To fully appreciate the joke, you must possess some slight awareness of the long-gone BBC radio game show Twenty Questions, which aired between 1947 and 1976. A panel of four ‘celebrities’ have to identify a mystery object by asking a maximum of 20 questions which the chairman can only answer ‘yes’ or ‘no’. A ‘mystery voice’ tells listeners at home and the studio audience what the object is, but the panel is only told whether the object is ‘animal, vegetable or mineral’. It was all very jolly and saturated in archetypal Beeb tweeness, while everybody spoke with the impossibly posh strangled vowels one only hears nowadays from the Queen.

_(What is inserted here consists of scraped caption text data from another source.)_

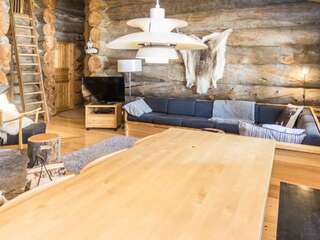 Дома для отпуска Holiday Home Villa siida Рука-4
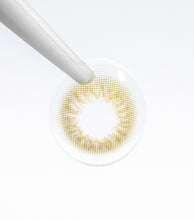 Charger l'image dans la galerie, OLENS Scandi Olive Monthly (Prescription 0.00~-8.00, 1 Pair)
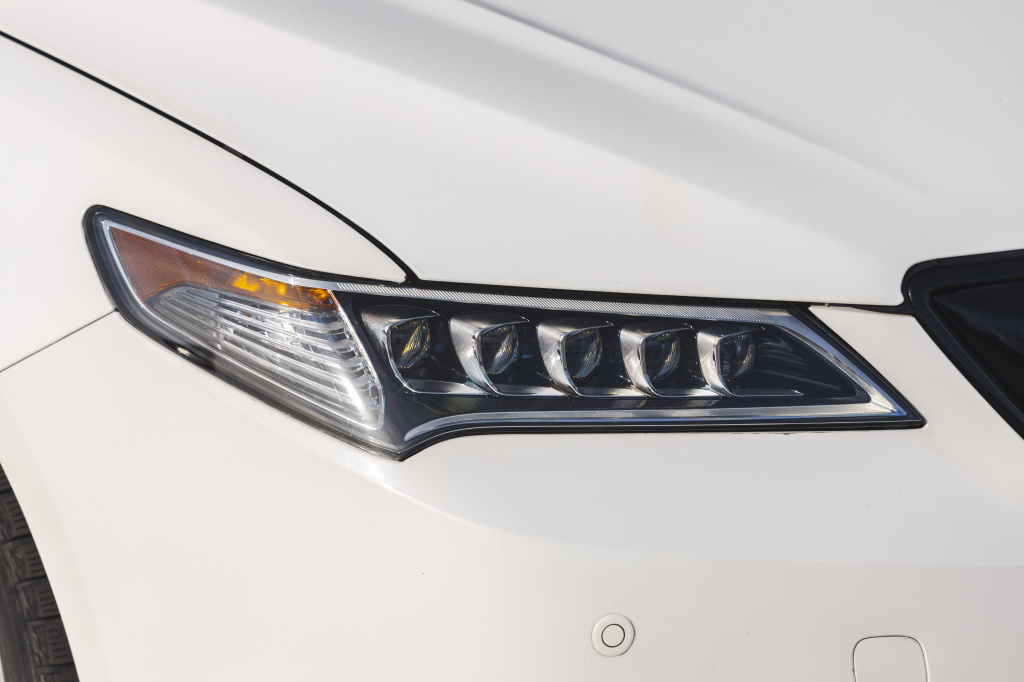 Acura TLX Advanced 2017 photo 6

For many years the chairman was smooth Canadian Stewart MacPherson (1908-1995), and for this joke I also disinter those mainstays of countless BBC parlour-games: colourful rogue Tory Lord ‘Bob’ Boothby (1900-1986) and urbanely witty minor aristocrat Lady Isobel Barnett (1918-1980).
We join the programme half way through…
Stewart MacPherson: Right, now on to our next object. Here, for our studio audience and listeners at home only, is the Mystery Voice.

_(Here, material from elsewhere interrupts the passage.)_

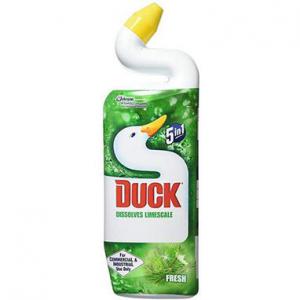 Image of Toilet Duck 5in1 Green 750ml NWT546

Mystery Voice (low and whispering): The complete works of Shakespeare. The complete works of Shakespeare.
SM: Lord Boothby, it’s your turn. I can tell you that the mystery object is vegetable and also animal.

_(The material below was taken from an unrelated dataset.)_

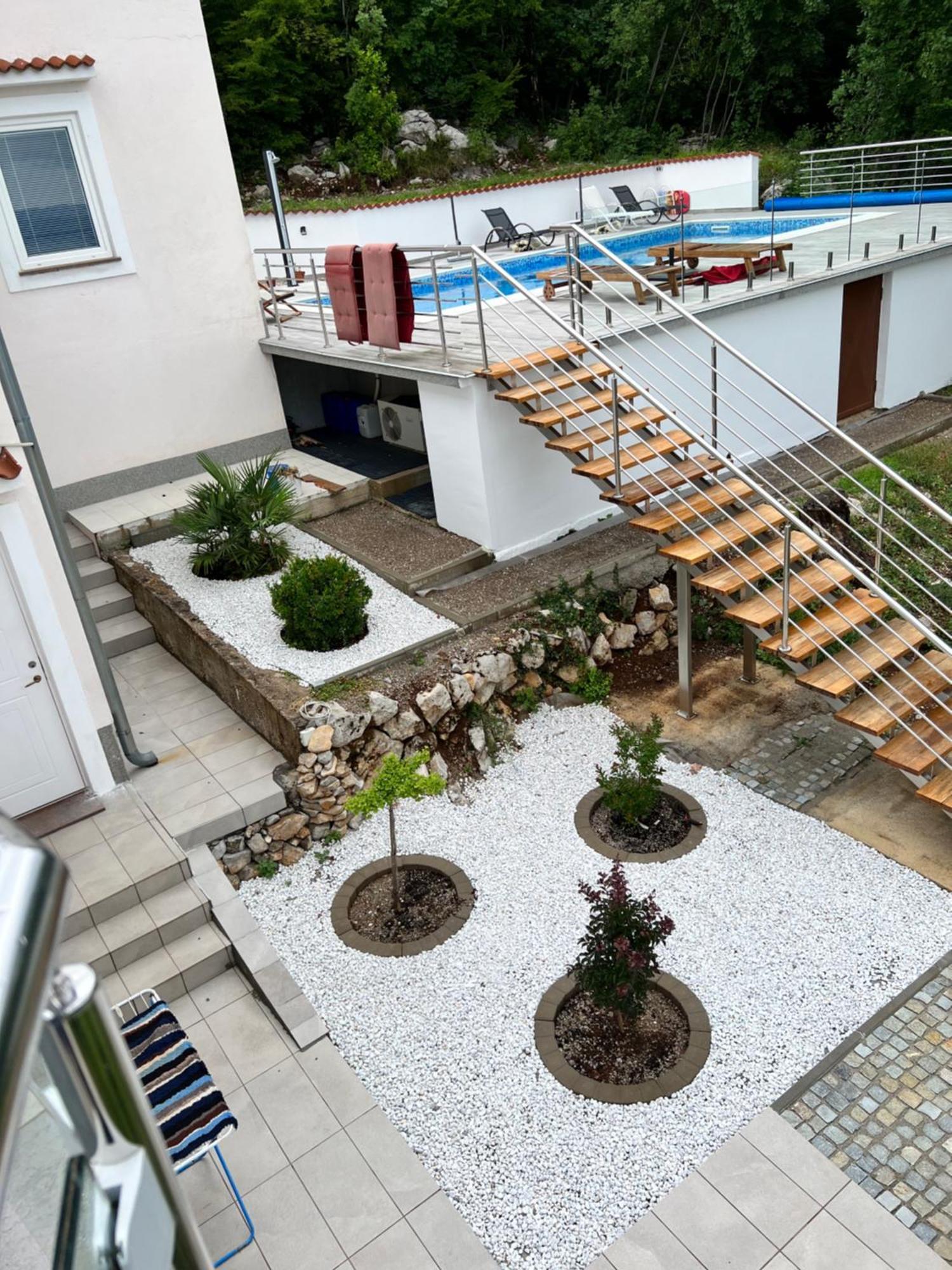 Ferienwohnung Dreamtime Veprinac Exterior foto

Lord Boothby (slurring slightly): Is the object sold?
SM: Yes.
LB: Is it a manufactured object? (ripple of applause from studio audience)
SM: Yes.
LB: Can you eat it?
SM: No.
LB: Can you drink it? (audience giggles)
SM: Well you might try Lord Boothby…(milks a laugh)…but no.
LB: Would you find it in this country?
SM: Oh yes.
LB (takes sip from his glass of ‘water’): Uh, would you find it only in Britain?
SM: No. That’s six questions.
LB (getting ratty): I can count Mr MacPherson. Alright then, change tack, would you find this object in the home? (some applause)
SM: Yes.
LB: Ah…so this man-made object is a domestic appliance?
SM: No.
LB: Furniture? It’s not a blasted Queen Anne Chair, is it? (ripple of laughter)
SM: Oh no.
LB: Is it ornamental?
SM: No. Ten questions left.
LB (takes another slug): Well, if it isn’t ornamental…hmm…must have a practical purpose…let me see…of course, the garden…um…would you find it outdoors?
SM: No, well let me elaborate slightly: not usually.
LB: So it’s portable?
SM (chuckles): Well, yes – perhaps with some difficulty (audience titters).
LB: Is it a work of art? (audience applauds)
SM: I should say so, oh yes.
LB: A painting?
SM: No.
LB: A musical instrument?
SM: No. You have five questions remaining Lord Boothby.
LB: A book? (audience erupts)
SM: Yes!
LB (warming to the task): So, the author must be the ‘animal’ here…the physical book is of course the ‘vegetable’…is the writer English? (more applause)
SM: Yes.
LB: Shakespeare? (audience cheers)
SM: Yes.
LB: The Complete Works of Shakespeare? (thunderous applause)
SM: Yes! Congratulations Lord Boothby, you guessed the mystery object in 19 questions. Now, onto our next object. Here, for our studio audience and listeners at home only, is the Mystery Voice again.
MV: A double-ended dildo. A double-ended dildo.
SM: Lady Isobel Barnett, it’s your turn. The object is vegetable and mineral.
Isobel Barnett: Can you use it in the house?
SM: Yes.
IB: A double-ended dildo.
And thirdly, since few read anymore thanks to the www, and since every keystroke we make is relayed straight to GCHQ and the Pentagon, and since 99.9% recurring of internet traffic is people notifying the world when they fart, and since you cheated and peeked at the last line of my joke without reading the essential long build-up, I conclude that internet is an anagram of enter nit.